§ What to produce
Transcribe the listing that follows in full, exactly, and drop its images.

§ Collected data
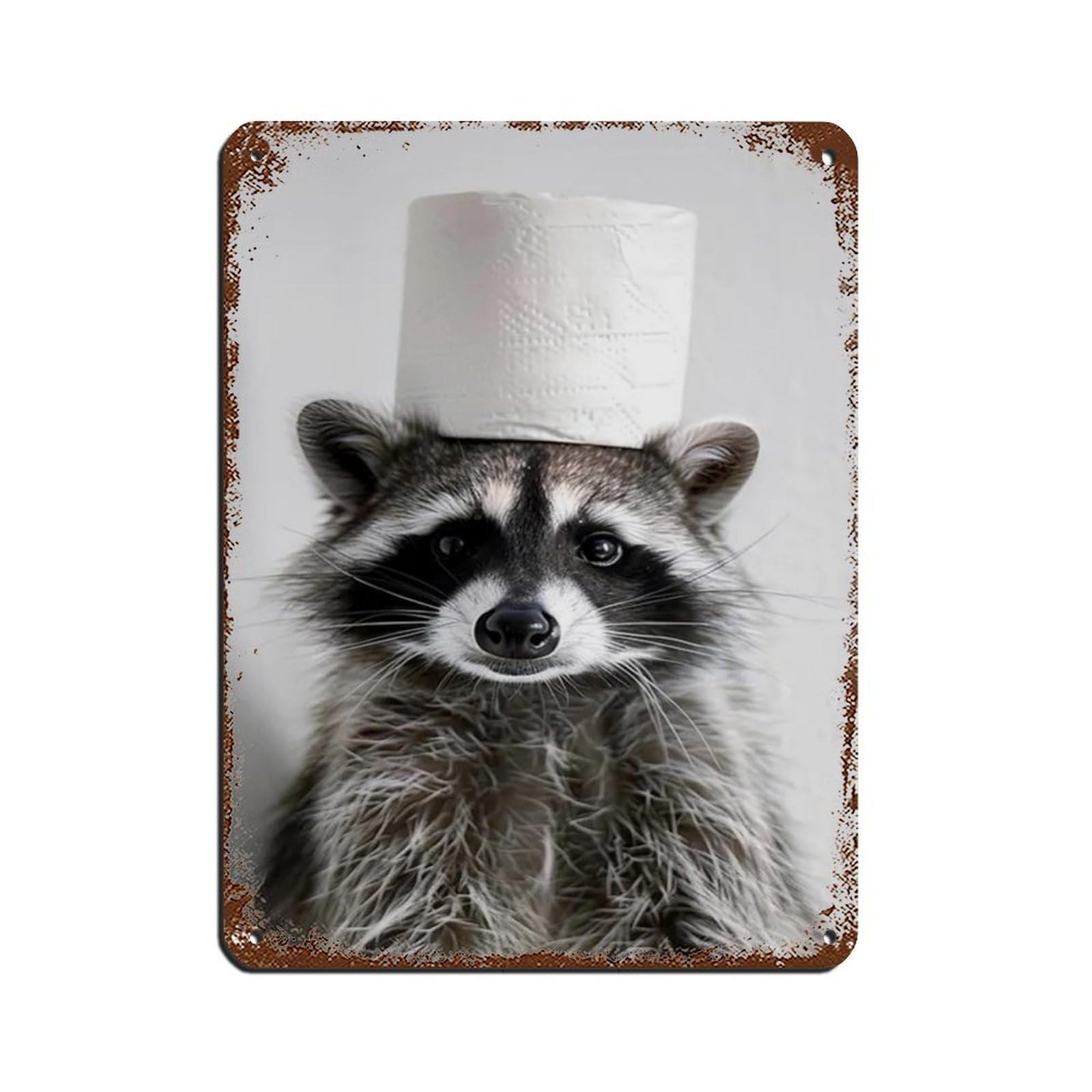 Cute Raccoon with Toilet Paper on Head Tin Sign Vintage Metal Pub Club Cafe Bar Home Wall Art Decoration Poster Retro 12x16inch(30x40cm)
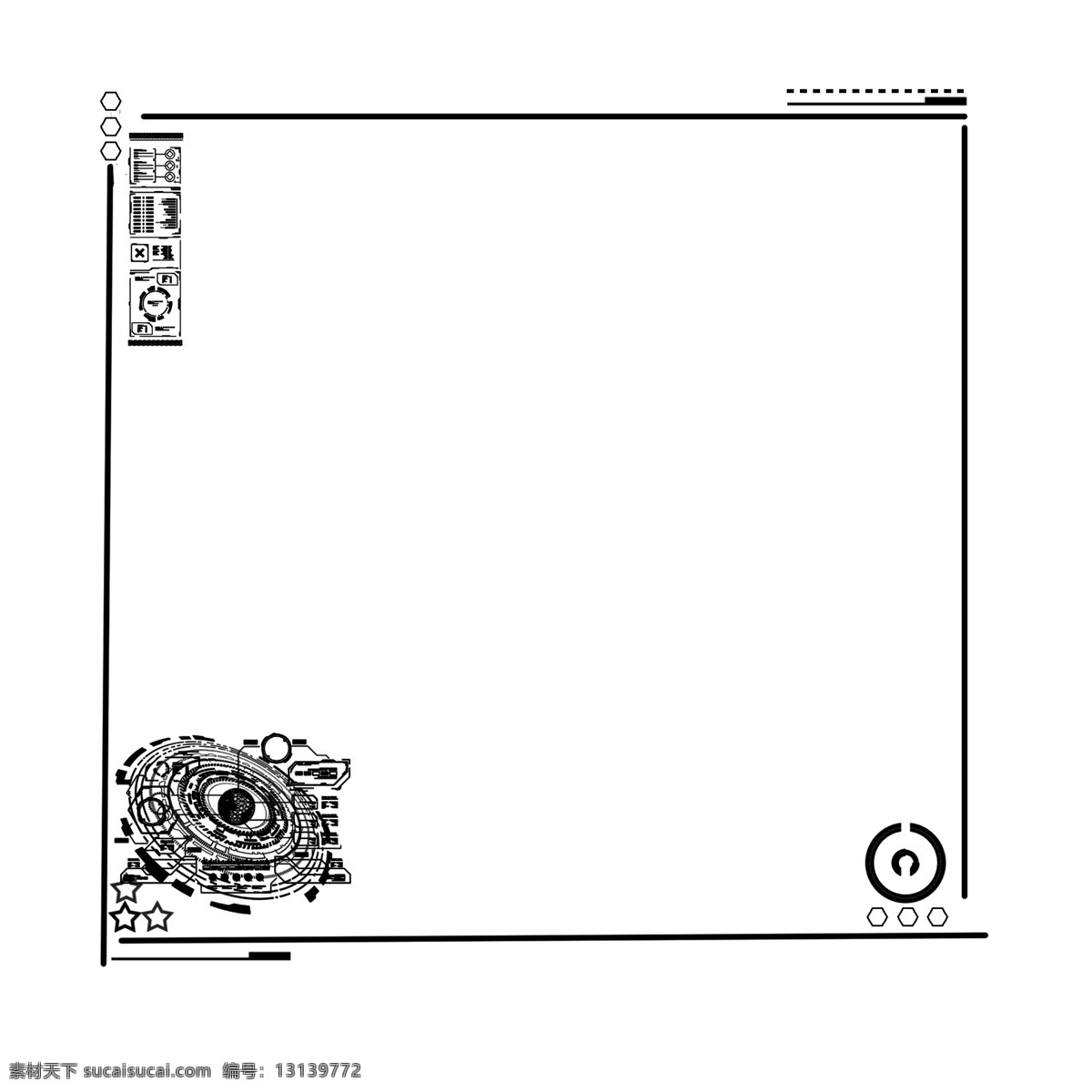 科技 边框 黑色 插画 科技边框 装饰图案 科技感 高科技 简约 内容框 黑色框 技术边框 科幻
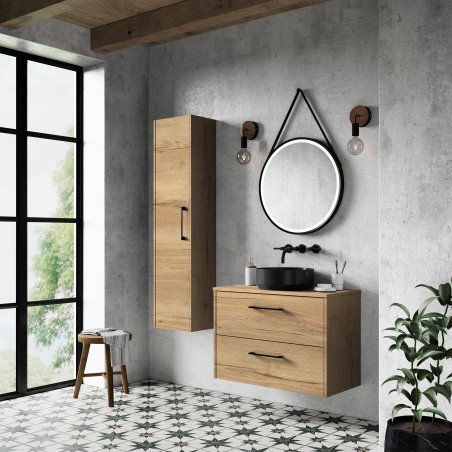 Juno 600mm Wall Hung 2 Drawer Vanity With Worktop - Autumn Oak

§ Answer to the problem
 Cute Raccoon with Toilet Paper on Head Tin Sign Vintage Metal Pub Club Cafe Bar Home Wall Art Decoration Poster Retro 12x16inch(30x40cm)
 科技 边框 黑色 插画 科技边框 装饰图案 科技感 高科技 简约 内容框 黑色框 技术边框 科幻
 Juno 600mm Wall Hung 2 Drawer Vanity With Worktop - Autumn Oak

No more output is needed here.